Limitations & Future Work¶
- Limited scale: 2,400 questions across 18 regions yield approximately 130 questions per region, which may be insufficient to cover all cultural scenarios.
- Dependence on LLM Judge: Although majority voting mitigates the issue, LLM-based evaluation may itself carry biases toward certain languages.
- Incomplete cultural coverage: Parts of Africa, South America, and Southeast Asian minority language communities are not included.
- Future directions: (a) Expansion to additional regions and languages; (b) development of culturally aware visual pretraining data strategies; (c) open-sourcing automated diagnostic tools based on evidence graphs; (d) exploration of strategies to balance cultural distributions in pretraining data.
Related Work & Insights¶
- vs. ViMUL-Bench: ViMUL-Bench covers 14 languages but incorporates non-cultural videos and partially translated annotations. MINERVA-Cultural is annotated entirely in native languages by local experts, with video content that is uniformly culturally specific.

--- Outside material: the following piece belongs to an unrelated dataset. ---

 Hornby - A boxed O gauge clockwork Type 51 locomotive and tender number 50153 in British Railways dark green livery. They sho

- vs. MINERVA: MINERVA provides reasoning chains and error taxonomies; MINERVA-Cultural extends this foundation by adding a multicultural dimension and an evidence-graph-based analysis methodology, enabling finer-grained diagnosis.
- vs. LongVideoBench / MLVU: These benchmarks target general video understanding without addressing cultural or multilingual dimensions; MINERVA-Cultural fills this gap.
Rating¶
- Novelty: ⭐⭐⭐⭐ — First large-scale, fully manual multicultural multilingual video reasoning benchmark; evidence graph analysis methodology is novel.

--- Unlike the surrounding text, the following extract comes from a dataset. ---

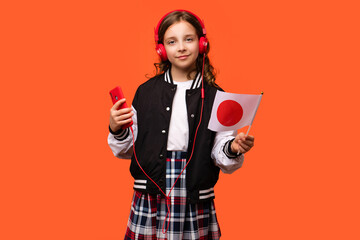 Girl holds small flag Japan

- Experimental Thoroughness: ⭐⭐⭐⭐⭐ — 7 models, 18 regions, multi-dimensional analysis (audio, frame count, thinking budget, error types), and human baseline.
- Writing Quality: ⭐⭐⭐⭐⭐ — Motivation is well-grounded; annotation pipeline is described in detail; analysis is deep and insightful.
- Value: ⭐⭐⭐⭐⭐ — Exposes cultural bias in AI systems, defines a critical direction for model improvement, and carries significant implications for fair AI and global deployment.